Why the metro matters
The cost of building metro systems and factoring in demand for 20 years is vital
Amidst a tussle between the Delhi Government and the Union Ministry of Urban Development over the metro rail fare hike, commuters in the national capital faced the reality on Tuesday morning as the Delhi Metro Rail Corporation (DMRC) fare hike came into effect. Whether or not the metro fare hike is justified is a matter that can be debated endlessly, and there are arguments to be made on both sides. But an important aspect seems to have skipped the attention of the anti-fare hike brigade which is that the Delhi Metro has been under severe financial stress directly impacting expansion and enhanced infrastructure plans.

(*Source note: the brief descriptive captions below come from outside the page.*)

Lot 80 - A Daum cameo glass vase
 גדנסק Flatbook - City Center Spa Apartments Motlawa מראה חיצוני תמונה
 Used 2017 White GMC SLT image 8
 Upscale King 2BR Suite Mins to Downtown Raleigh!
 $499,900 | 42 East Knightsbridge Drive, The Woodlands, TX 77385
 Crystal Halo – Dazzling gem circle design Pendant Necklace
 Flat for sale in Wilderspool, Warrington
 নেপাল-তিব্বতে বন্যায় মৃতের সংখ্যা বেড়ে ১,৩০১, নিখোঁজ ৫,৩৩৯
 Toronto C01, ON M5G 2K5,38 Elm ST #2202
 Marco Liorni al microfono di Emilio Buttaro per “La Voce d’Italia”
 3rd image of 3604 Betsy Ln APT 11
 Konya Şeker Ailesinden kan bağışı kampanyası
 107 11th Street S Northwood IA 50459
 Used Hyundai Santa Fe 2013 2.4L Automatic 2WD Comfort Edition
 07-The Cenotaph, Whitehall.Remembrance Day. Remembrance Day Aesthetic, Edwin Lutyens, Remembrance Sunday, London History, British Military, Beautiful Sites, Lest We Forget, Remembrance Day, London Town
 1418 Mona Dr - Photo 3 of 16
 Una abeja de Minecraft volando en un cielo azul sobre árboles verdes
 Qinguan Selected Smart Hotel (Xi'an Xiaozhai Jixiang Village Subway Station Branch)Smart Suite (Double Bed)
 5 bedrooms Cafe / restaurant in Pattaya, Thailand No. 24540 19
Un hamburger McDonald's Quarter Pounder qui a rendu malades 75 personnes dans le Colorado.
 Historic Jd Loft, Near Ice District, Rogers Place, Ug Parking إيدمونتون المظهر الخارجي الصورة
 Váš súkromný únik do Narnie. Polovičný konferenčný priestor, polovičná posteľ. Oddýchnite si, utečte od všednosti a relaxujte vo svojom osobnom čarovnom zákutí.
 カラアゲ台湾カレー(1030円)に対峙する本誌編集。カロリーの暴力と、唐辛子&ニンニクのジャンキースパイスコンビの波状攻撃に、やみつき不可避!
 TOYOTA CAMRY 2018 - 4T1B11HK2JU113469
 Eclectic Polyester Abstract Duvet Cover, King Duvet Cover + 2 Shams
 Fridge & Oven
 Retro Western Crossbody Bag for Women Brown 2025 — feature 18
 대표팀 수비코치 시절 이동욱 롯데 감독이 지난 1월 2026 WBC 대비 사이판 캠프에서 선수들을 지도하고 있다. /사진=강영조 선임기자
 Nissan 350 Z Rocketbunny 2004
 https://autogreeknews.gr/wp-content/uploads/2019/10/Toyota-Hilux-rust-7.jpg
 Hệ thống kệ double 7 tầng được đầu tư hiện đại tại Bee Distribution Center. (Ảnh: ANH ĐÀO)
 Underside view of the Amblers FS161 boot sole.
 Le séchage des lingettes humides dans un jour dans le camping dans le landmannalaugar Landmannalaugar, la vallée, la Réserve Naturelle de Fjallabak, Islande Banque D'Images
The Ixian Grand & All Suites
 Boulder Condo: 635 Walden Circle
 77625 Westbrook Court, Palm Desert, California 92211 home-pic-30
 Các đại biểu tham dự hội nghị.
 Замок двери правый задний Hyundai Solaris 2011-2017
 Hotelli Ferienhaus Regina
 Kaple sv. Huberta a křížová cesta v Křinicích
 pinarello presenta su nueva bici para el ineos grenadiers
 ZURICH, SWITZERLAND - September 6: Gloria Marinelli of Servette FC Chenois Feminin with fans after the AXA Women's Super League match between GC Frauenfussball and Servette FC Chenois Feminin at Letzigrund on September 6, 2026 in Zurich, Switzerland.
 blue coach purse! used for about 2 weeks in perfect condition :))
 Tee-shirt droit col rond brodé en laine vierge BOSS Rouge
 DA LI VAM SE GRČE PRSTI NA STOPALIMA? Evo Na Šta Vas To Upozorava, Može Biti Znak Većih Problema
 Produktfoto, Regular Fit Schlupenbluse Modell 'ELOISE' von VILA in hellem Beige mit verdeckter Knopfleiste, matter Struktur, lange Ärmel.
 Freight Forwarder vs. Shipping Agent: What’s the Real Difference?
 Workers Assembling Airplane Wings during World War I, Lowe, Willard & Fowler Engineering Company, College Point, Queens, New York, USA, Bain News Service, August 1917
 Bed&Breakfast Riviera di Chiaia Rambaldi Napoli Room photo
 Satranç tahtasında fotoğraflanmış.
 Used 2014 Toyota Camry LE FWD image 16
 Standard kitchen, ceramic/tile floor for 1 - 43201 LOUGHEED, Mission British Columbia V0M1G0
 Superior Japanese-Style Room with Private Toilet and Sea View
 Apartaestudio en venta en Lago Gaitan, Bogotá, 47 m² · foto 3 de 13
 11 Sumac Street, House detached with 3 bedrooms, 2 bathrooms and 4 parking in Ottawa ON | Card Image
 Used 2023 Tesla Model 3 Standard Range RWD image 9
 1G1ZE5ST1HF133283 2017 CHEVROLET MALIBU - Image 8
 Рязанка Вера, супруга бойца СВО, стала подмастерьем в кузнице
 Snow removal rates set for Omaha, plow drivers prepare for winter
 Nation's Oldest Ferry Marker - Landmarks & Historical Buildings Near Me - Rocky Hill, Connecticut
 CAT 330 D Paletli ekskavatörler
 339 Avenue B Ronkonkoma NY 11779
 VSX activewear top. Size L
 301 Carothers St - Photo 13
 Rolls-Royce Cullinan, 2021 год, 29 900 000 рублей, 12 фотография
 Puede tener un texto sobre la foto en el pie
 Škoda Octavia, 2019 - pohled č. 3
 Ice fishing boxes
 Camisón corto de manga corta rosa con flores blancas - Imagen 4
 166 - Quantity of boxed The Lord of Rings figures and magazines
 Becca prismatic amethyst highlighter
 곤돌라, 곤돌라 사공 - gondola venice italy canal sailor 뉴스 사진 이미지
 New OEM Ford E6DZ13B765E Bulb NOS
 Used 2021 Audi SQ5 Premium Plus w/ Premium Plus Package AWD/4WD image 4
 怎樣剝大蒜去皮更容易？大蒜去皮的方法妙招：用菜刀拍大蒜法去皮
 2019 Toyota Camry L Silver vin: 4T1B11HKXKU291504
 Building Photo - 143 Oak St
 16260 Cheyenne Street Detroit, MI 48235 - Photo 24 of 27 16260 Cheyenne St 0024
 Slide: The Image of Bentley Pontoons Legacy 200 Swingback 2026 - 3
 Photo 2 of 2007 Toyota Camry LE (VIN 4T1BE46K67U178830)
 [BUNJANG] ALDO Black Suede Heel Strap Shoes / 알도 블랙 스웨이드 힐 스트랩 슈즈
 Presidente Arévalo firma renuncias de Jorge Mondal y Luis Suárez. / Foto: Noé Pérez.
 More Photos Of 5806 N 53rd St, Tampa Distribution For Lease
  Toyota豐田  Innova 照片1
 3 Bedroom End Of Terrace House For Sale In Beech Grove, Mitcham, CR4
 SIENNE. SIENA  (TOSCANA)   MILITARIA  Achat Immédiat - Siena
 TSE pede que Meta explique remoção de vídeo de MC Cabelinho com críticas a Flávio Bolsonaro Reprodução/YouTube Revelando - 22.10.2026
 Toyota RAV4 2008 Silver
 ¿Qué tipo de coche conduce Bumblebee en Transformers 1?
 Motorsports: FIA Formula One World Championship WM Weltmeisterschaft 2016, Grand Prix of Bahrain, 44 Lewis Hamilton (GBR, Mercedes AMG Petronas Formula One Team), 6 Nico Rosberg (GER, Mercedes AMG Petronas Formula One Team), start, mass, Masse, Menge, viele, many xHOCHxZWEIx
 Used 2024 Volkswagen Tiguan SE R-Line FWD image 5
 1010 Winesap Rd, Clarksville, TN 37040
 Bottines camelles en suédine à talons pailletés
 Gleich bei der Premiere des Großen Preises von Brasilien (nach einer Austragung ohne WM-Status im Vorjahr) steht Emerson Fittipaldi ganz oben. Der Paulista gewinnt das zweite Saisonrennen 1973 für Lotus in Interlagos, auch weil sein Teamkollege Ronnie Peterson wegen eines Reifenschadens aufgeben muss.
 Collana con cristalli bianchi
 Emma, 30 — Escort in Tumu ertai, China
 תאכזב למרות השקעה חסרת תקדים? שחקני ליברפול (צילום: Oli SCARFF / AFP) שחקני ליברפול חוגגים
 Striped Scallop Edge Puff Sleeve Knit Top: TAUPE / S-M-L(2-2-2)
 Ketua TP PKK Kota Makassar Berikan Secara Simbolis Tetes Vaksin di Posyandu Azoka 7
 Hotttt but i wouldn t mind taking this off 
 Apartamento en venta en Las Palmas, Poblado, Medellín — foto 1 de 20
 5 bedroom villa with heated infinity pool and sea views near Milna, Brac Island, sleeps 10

There is no free lunch and before DMRC is pushed down the path of other ailing public sector mass transport undertakings due to competitive populism, a note of caution is necessary. Surely, our collective memory is not so short that we have forgotten the bad old days of DTC?
This unseemly politicisation of the fare hike does not bode well for the Delhi metro which, with its remarkable construction schedule and in the main timely implementation led to a rush among other Indian cities to build their own rapid transit systems. The sleek Delhi Metro has changed the way we travel — it is one of the fastest, safest and most convenient modes of public transport and women have been especially empowered by its operations. Female commuters feel much safer in metro compartments than on the streets of the Capital. Office-goers, and students have access to mobility like never before and an economy of scale is now a reality to which the metro too has contributed. It is indeed remarkable that starting off with the launch of Phases I and II in 2002, the metro is now in Phase IV, which will further help connectivity to and from some of the most poorly connected and far-flung areas of the NCR. It’s distressing that despite making massive strides, the metro is struggling to make money — it is running under a severe debt crisis, its infrastructure is showing signs of serious wear and tear and has failed to keep pace with requirements. The cost of building metro systems in expansion mode and factoring in demand over the next 20 years is also immense. It is here that the fare price matters. Yes, it should be a fair price but the monies earned from tickets come as a boon for the DMRC as it helps them with net revenues. Naturally, the flip side is that such hikes hurt commuters. But the metro is not and arguably cannot be a free ride. The present hike, which ranges from a minimum of two rupees to Rs 20 at the maximum, will almost double the passenger fare, which is a blow to commuters' budgets. Also, there are charges of the arbitrary manner in which the fare hike has been implemented. Between 2009 and 2016, for example, there was no revision of fares. And now this whopper. Surely, the need is to have a rational fare hike system that can, perhaps, be effected efficiently and transparently on an yearly basis so that the burden does not fall on commuters at one go.